28. But what happens when the memory itself loses something, as when we forget anything and try to recall it? Where, finally, do we search, but in the memory itself? And there, if by chance one thing is offered for another, we refuse it until we meet with what we are looking for; and when we do, we recognize that this is it. But we could not do this unless we recognized it, nor could we have recognized it unless we remembered it. Yet we had indeed forgotten it.
Perhaps the whole of it had not slipped out of our memory; but a part was retained by which the other lost part was sought for, because the memory realized that it was not operating as smoothly as usual and was being held up by the crippling of its habitual working; hence, it demanded the restoration of what was lacking.

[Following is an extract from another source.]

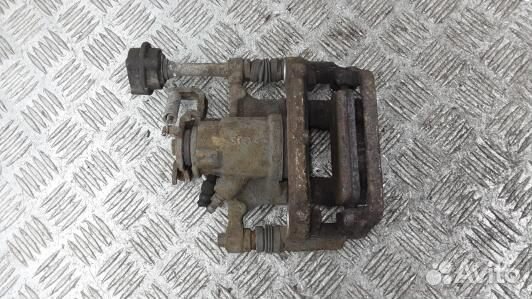 Суппорт тормозной задний правый opel astra J (LEA1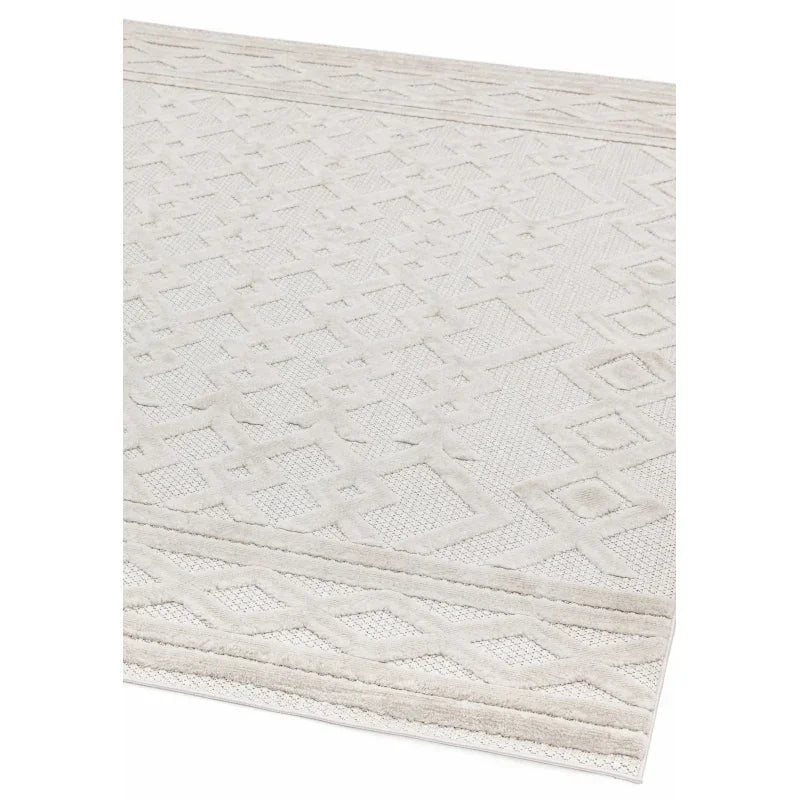 Textured cream area rug with geometric pattern and border detail, close corner view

For example, if we see or think of some man we know, and, having forgotten his name, try to recall it–if some other thing presents itself, we cannot tie it into the effort to remember, because it was not habitually thought of in association with him. It is consequently rejected, until something comes into the mind on which our knowledge can rightly rest as the familiar and sought-for object. And where does this name come back from, save from the memory itself? For even when we recognize it by another’s reminding us of it, still it is from the memory that this comes, for we do not believe it as something new; but when we recall it, we admit that what was said was correct. But if the name had been entirely blotted out of the mind, we should not be able to recollect it even when reminded of it. For we have not entirely forgotten anything if we can remember that we have forgotten it. For a lost notion, one that we have entirely forgotten, we cannot even search for.